Provided material Block Start

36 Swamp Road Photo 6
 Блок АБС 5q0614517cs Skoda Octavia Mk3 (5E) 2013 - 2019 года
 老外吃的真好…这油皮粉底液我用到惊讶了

Provided material Block End
Provided material Block Start

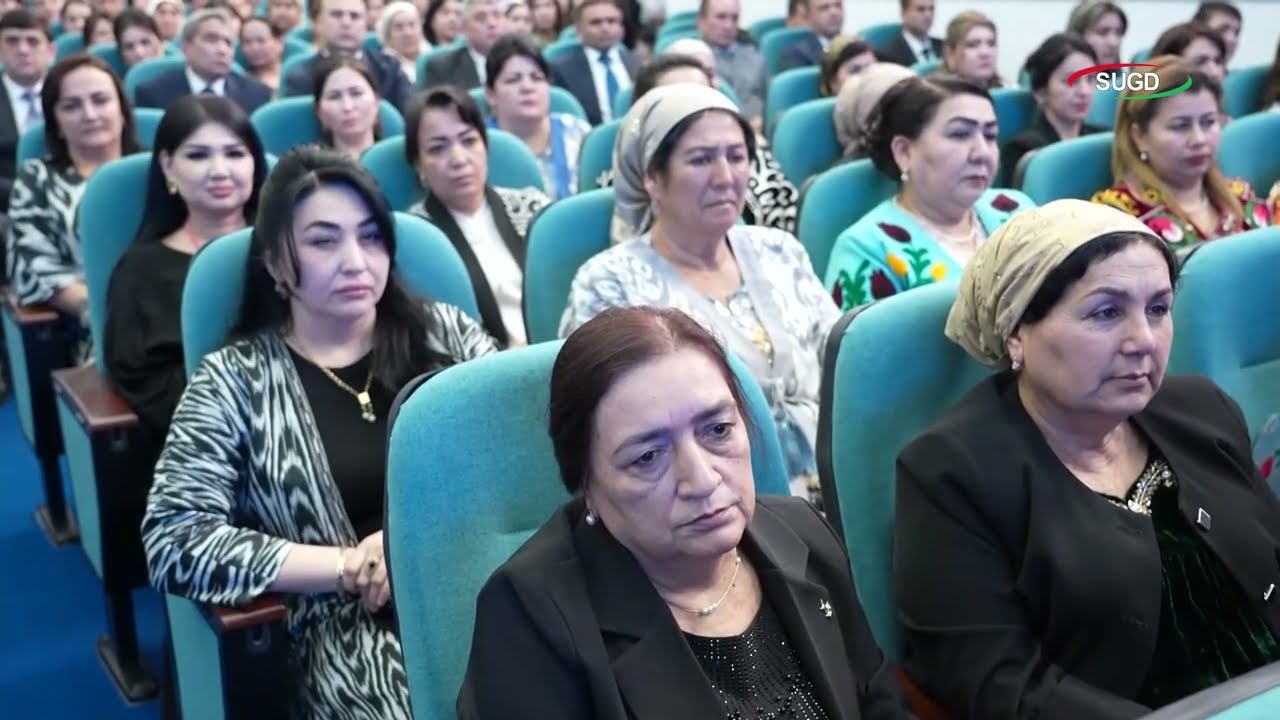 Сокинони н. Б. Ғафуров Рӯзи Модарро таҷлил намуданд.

Provided material Block End

### [What you should do]
In the listing above, find the line with "36 Swamp Road Photo 6" and the line with "老外吃的真好…这油皮粉底液我用到惊讶了", then print exactly those two lines and every line between them, and nothing more.

### [Solution below]
36 Swamp Road Photo 6
 Блок АБС 5q0614517cs Skoda Octavia Mk3 (5E) 2013 - 2019 года
 老外吃的真好…这油皮粉底液我用到惊讶了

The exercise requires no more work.